Purpose
This problem set reinforces your understanding of multi-variable functions. It also gives you a bit of practice working with curvature in vector-valued functions.
Background
We discussed (or will discuss) multi-variable functions, the main focus of this problem set, in lectures on October 9 and 14. Sections 14.1 and 14.2 of our textbook also cover this material.

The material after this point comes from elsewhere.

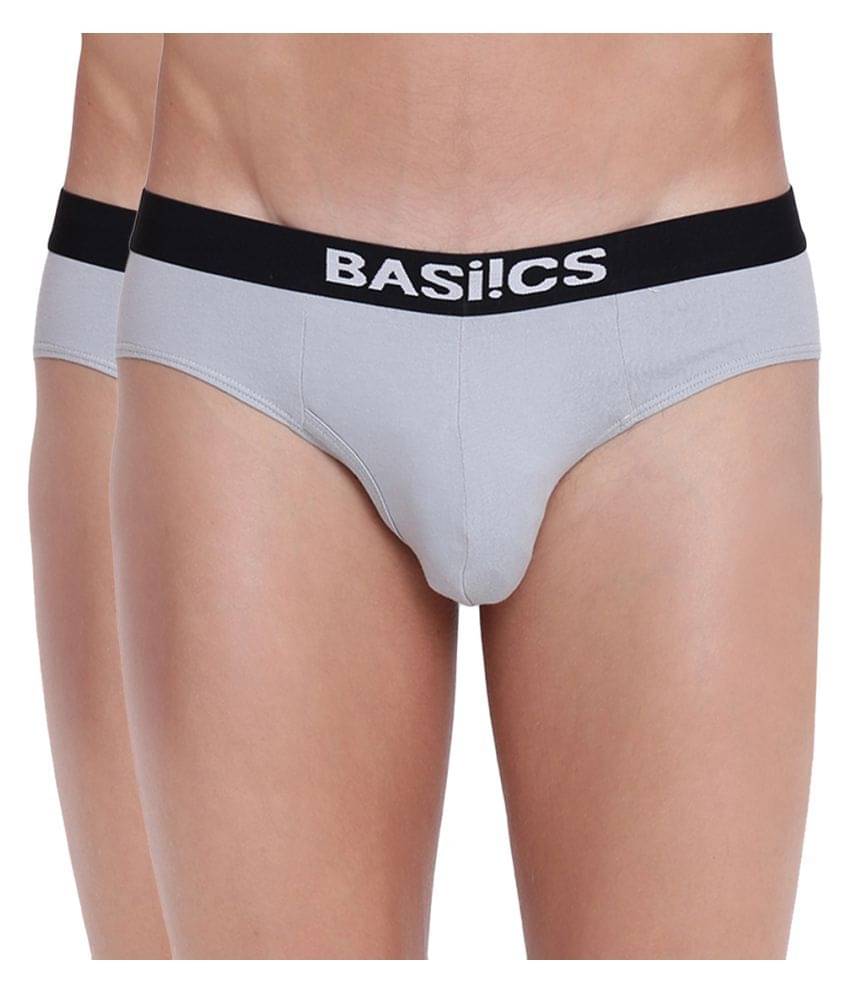     			BASIICS By La Intimo Pack of 2 Cotton Briefs For Men's ( Light Grey )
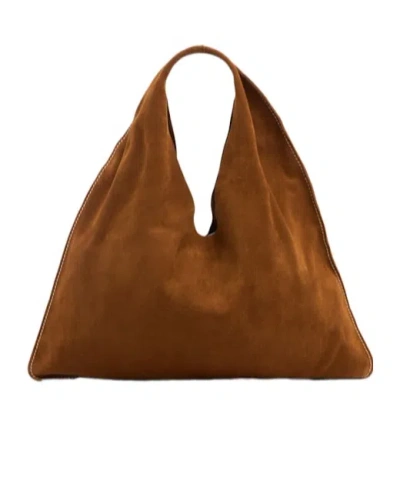 The Row Small Bindle Suede Top Handle Bag In Brown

A second purpose of this exercise is to develop your ability to work with curvature in vector-valued functions, something we discussed in class on October 7. This material is from section 13.4 of the textbook.
Activity
Solve each of the following problems:
Problem 1
Exercise 12 in section 13.4 of our textbook (find the unit tangent vector, principle unit normal, and curvature for r(t) = ⟨ 6sin(2t), 6cos(2t), 5t ⟩).
Problem 2
Exercise 18 in section 14.1 of our textbook (find the domain and range; describe the level curves; find the boundary; determine if the domain is open, closed, both or neither; and decide whether the domain is bounded, for the function f(x,y) = √(y-x)).
Problem 3
Exercise 52 in section 14.1 of our textbook (find an equation for the level curve of (2y-x) / (x+y+1) that passes through the point (-1,1)).
Problem 4
Exercise 70 in section 14.1 of our textbook (plot the surface and several level curves for sinx cosy e√(x2+y2)/8; see text for additional details). Use muPad or a similar tool.
Problem 5
Exercise 14 in section 14.2 of our textbook (find lim(x,y)→(0,0)( (x2-y2)/(x-y) ); see text for further details).
Follow-Up
I will grade this exercise in a face-to-face meeting with you. During this meeting I will look at your solution, ask you any questions I have about it, answer questions you have, etc. Please bring a written solution to the exercise to your meeting, as that will speed the process along.
Sign up for a meeting via Google calendar. If you worked in a group on this exercise, the whole group should schedule a single meeting with me. Please make the meeting 15 minutes long, and schedule it to finish before the end of the “Grade By” date above.